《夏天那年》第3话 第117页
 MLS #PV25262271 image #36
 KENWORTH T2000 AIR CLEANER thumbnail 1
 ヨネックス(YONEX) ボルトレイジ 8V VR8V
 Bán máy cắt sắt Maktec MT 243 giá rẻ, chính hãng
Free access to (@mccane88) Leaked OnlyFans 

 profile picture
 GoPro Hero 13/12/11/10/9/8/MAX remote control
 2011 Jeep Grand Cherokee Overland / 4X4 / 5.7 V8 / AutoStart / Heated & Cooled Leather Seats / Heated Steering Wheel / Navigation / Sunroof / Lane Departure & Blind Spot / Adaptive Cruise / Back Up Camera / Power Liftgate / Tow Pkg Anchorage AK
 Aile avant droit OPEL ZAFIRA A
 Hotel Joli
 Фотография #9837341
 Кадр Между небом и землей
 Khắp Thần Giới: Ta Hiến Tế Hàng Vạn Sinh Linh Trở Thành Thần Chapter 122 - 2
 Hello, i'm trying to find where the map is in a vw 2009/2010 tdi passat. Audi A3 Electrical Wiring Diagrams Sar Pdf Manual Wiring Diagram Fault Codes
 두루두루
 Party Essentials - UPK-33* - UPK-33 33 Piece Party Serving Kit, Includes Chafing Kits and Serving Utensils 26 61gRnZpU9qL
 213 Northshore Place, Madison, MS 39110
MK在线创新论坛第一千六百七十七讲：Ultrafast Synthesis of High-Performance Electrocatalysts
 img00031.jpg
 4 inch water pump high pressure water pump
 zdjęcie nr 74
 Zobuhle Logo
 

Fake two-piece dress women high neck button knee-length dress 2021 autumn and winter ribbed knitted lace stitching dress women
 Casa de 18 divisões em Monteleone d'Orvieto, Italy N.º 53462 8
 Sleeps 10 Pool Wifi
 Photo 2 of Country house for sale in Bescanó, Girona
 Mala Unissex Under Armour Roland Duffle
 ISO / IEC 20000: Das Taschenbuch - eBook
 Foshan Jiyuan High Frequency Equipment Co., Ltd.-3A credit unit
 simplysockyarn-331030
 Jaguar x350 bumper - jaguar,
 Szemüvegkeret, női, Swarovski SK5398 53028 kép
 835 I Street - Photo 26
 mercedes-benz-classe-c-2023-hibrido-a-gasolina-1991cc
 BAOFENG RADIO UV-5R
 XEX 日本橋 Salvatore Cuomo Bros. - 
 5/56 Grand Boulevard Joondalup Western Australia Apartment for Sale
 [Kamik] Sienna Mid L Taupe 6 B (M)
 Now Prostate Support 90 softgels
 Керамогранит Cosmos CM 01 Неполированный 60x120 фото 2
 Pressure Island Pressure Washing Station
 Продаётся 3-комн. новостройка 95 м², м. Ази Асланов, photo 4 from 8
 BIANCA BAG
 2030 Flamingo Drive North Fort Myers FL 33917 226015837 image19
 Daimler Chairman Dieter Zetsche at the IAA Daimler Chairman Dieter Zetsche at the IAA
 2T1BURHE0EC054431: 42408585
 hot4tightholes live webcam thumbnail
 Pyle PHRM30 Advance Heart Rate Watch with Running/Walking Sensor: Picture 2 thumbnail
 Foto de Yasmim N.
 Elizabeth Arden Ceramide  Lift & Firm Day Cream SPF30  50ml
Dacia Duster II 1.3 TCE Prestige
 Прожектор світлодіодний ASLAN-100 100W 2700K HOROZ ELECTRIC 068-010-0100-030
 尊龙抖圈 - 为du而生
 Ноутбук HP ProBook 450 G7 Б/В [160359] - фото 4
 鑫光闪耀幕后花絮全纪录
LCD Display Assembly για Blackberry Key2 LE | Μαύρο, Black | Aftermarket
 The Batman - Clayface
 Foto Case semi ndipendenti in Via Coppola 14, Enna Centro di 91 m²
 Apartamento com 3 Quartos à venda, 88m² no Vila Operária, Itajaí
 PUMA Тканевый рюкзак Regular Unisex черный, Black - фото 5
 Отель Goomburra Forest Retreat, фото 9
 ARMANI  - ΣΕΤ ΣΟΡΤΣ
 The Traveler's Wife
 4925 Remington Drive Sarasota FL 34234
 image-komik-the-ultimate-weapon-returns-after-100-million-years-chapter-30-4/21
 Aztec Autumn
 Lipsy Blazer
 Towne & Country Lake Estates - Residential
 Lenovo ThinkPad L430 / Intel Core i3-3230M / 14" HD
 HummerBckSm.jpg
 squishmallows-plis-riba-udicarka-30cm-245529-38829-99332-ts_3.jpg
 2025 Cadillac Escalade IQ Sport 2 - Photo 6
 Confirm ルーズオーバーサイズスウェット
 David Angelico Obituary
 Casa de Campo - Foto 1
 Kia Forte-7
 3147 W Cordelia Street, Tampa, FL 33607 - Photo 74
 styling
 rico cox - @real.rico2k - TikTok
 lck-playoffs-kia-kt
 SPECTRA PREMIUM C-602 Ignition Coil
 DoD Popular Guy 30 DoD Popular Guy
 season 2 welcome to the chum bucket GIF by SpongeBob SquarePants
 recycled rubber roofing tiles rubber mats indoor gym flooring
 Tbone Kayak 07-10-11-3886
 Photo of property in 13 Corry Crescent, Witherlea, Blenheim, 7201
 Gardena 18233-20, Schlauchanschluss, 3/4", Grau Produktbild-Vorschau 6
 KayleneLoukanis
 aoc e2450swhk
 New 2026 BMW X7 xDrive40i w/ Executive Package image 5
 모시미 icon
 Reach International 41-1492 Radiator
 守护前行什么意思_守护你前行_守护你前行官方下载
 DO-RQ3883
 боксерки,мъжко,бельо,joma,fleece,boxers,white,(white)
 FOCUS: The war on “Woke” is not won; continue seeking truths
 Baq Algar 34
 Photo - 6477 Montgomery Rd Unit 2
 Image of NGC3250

============================================================

> _Assignment_: Reproduce word for word the material above, starting with the line that has "Продаётся 3-комн. новостройка" and stopping after the line that has "Elizabeth Arden Ceramide".

> _Solved problem_:
 Продаётся 3-комн. новостройка 95 м², м. Ази Асланов, photo 4 from 8
 BIANCA BAG
 2030 Flamingo Drive North Fort Myers FL 33917 226015837 image19
 Daimler Chairman Dieter Zetsche at the IAA Daimler Chairman Dieter Zetsche at the IAA
 2T1BURHE0EC054431: 42408585
 hot4tightholes live webcam thumbnail
 Pyle PHRM30 Advance Heart Rate Watch with Running/Walking Sensor: Picture 2 thumbnail
 Foto de Yasmim N.
 Elizabeth Arden Ceramide  Lift & Firm Day Cream SPF30  50ml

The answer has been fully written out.